Background
In 2010 ICE began looking for a law enforcement agency that would build and run a detention center in the Chicago area. They put out a solicitation called a “Statement of Objectives”. Corrections Corporation of America, the largest private prison corporation in the US, and the village of Crete IL formed a partnership. CCA wrote a proposal to ICE, entitled White Paper, which was approved by the Village trustees. Based on this proposal, ICE selected ICE then selected Crete as the winner of the solicitation in the summer of 2011. Click here for this document.
The three-way partnership works like this: ICE is drafting a contract called an Intergovernmental Service Agreement with the village of Crete for a 700 bed mixed (medium and maximum) security detention center. The Village of Crete is subcontracting CCA to actually build and maintain the prison. Crete is the middle link in the chain. The village trustees have already signed on to the partnership with CCA. But the contract with ICE has not yet been signed – the prison project can still be stopped very simply by the mayor of Crete or the village trustees.
Location
This is currently farmland in the process of being sold to CCA. It is located on the south end of Hartman Drive , off Burville Road. See map here.
Local Campaign: Concerned Citizens of Crete
For the past several months, a group called the Concerned Citizens of Crete have been working to fight the Detention center. They have been tracking official documents and identified the plot of land; researched CCA’s track record; contacted people fighting detention centers in other parts of the country; organized several Town Hall meetings and mass mailings in Crete; attended Village meetings, started petitions and are calling local and state representatives, organizing through religious leaders. It is a broad group, only some of which are concerned the social justice issues. They have been meeting with people from The Interfaith Coalition
The Concerned Citizens of Crete are listing the following reasons for their campaign:
Residents are concerned about the effect on their property values, their physical security, infrastructure costs, effect on area businesses, effect on the community’s image, effect on the tax base, what will happen with the detention center once ICE cancels the contract, effect on nearby communities, how their faith can or can not coexist with a detention center, human rights issues and a whole host of other concerns.
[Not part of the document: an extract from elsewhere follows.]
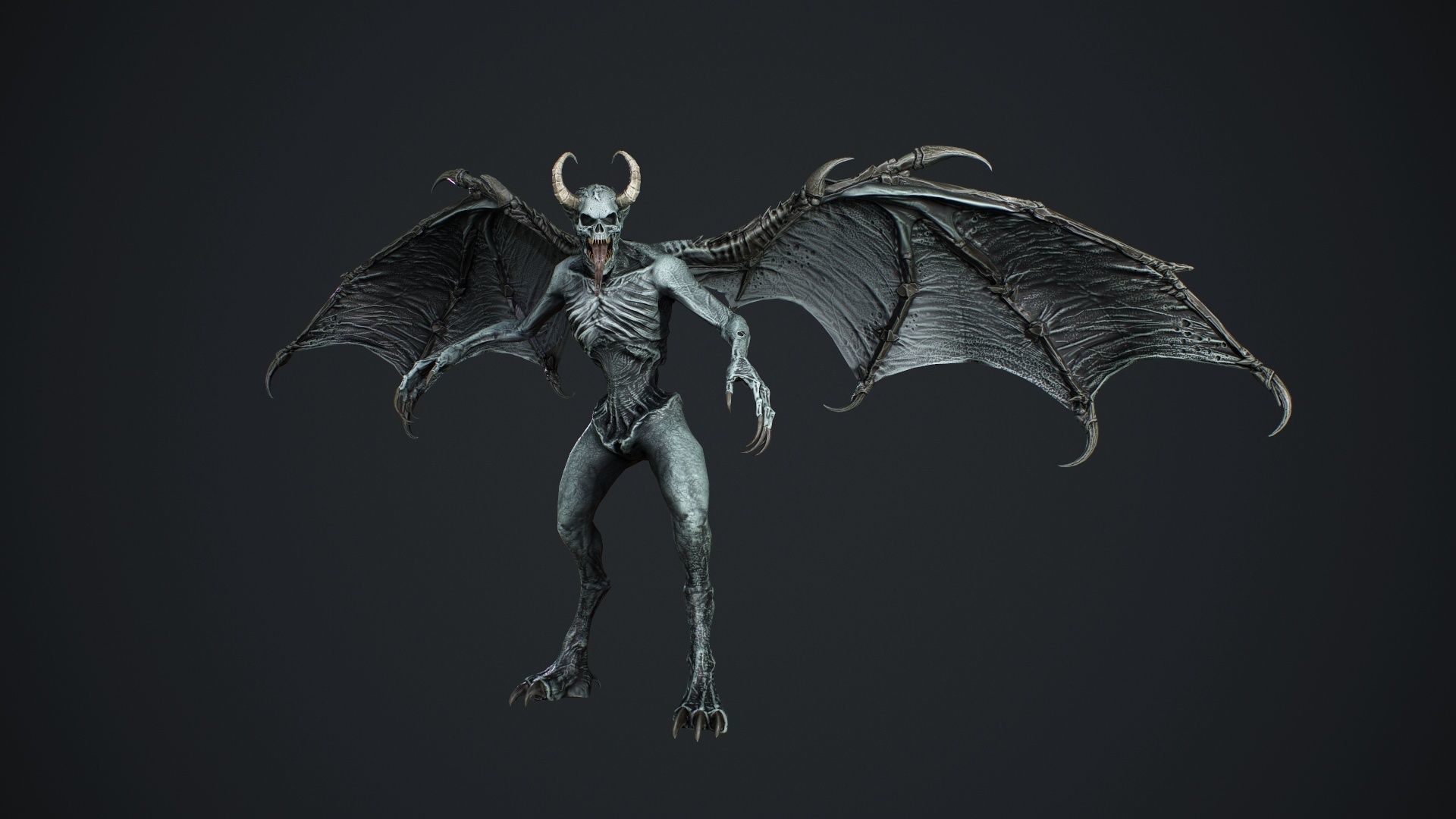 Gargoyle demon with wings flying in air Low-poly 3D model_15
Additionally, in public meetings, the campaign has addressed: fears that detainees might escape and jeopardize town safety; fear that in the case of emergency the village does not have the police force necessary to respond and control the situation; fears that the Detention Center would change the quality of life for residents.
Several organizers, along with other residents and church leaders, have pushed the issue of human rights through the lens of compassion and Christian values. Politically, the organizing group is split, with some organizers publicly expressing doubts about collaborating with people of color from outside Crete, while others have experience working in anti-prison campaigns and have publicly reached out for support at Chicago anti-prison events, in speeches calling the PIC – and immigrant detention as part of it — racist institutions. (Cetta Smart, Anthony Grayson and Judith Wood, all core organizers of the Crete campaign, have given statements to the press in opposition to immigration policy and in opposition to the detention of immigrants).
http://nocretedetentioncenter.blogspot.com/
The group is unified around the demand to stop the detention center as a way of protecting the lifestyle and standards of living of residents in Crete.
Politicians on the scene
Congressman Jesse Jackson Jr is the new representative for this district. He is making plans for a Town hall meeting with ICE in Crete in late March, sometime after the primary elections on March 20. based on this, we do not *think* that the contract with ICE will be signed before this.
We do not need a Detention Center in Crete IL.